TASK ITEM
For the records that follow, please set down exactly the lines between the one holding "Thumbnail: 2024 Mitsubishi Outlander - 13" and the one holding "Kia K5 2011 KNAGN415BBA043671 — 4", inclusive, and only those.
>>>
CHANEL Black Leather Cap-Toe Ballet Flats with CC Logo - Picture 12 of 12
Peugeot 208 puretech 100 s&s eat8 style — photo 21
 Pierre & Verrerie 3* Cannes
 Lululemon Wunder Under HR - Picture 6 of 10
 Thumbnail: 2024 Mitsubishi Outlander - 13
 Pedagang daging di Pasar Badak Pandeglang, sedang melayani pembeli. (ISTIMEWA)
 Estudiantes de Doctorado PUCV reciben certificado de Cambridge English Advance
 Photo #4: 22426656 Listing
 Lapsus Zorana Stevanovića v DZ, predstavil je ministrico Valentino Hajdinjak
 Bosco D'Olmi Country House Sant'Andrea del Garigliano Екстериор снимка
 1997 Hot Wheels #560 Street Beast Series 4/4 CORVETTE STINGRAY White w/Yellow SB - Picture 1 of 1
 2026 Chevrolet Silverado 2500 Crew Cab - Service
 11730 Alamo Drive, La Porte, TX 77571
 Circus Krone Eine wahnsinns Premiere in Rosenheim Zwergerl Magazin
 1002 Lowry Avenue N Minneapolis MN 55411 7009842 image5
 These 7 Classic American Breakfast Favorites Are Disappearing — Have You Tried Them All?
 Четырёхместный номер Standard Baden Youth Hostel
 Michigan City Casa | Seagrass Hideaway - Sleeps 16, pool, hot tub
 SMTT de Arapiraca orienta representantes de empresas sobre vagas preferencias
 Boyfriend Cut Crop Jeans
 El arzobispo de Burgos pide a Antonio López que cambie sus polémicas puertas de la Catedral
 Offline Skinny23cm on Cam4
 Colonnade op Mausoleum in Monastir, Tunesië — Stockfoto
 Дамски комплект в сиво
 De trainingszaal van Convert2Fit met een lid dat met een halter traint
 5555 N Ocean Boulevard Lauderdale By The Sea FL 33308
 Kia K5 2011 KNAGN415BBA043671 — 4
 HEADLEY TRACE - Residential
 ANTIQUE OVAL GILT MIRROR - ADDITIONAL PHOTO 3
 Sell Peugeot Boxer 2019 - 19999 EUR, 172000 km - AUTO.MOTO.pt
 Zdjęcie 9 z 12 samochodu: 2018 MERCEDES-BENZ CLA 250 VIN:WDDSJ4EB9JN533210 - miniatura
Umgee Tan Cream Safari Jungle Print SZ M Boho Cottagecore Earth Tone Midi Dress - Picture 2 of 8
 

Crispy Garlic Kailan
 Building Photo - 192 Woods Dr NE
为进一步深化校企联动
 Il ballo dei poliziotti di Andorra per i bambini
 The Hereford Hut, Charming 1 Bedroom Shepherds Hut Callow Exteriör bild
<<<
OUTPUT FOR THIS EXERCISE
 Thumbnail: 2024 Mitsubishi Outlander - 13
 Pedagang daging di Pasar Badak Pandeglang, sedang melayani pembeli. (ISTIMEWA)
 Estudiantes de Doctorado PUCV reciben certificado de Cambridge English Advance
 Photo #4: 22426656 Listing
 Lapsus Zorana Stevanovića v DZ, predstavil je ministrico Valentino Hajdinjak
 Bosco D'Olmi Country House Sant'Andrea del Garigliano Екстериор снимка
 1997 Hot Wheels #560 Street Beast Series 4/4 CORVETTE STINGRAY White w/Yellow SB - Picture 1 of 1
 2026 Chevrolet Silverado 2500 Crew Cab - Service
 11730 Alamo Drive, La Porte, TX 77571
 Circus Krone Eine wahnsinns Premiere in Rosenheim Zwergerl Magazin
 1002 Lowry Avenue N Minneapolis MN 55411 7009842 image5
 These 7 Classic American Breakfast Favorites Are Disappearing — Have You Tried Them All?
 Четырёхместный номер Standard Baden Youth Hostel
 Michigan City Casa | Seagrass Hideaway - Sleeps 16, pool, hot tub
 SMTT de Arapiraca orienta representantes de empresas sobre vagas preferencias
 Boyfriend Cut Crop Jeans
 El arzobispo de Burgos pide a Antonio López que cambie sus polémicas puertas de la Catedral
 Offline Skinny23cm on Cam4
 Colonnade op Mausoleum in Monastir, Tunesië — Stockfoto
 Дамски комплект в сиво
 De trainingszaal van Convert2Fit met een lid dat met een halter traint
 5555 N Ocean Boulevard Lauderdale By The Sea FL 33308
 Kia K5 2011 KNAGN415BBA043671 — 4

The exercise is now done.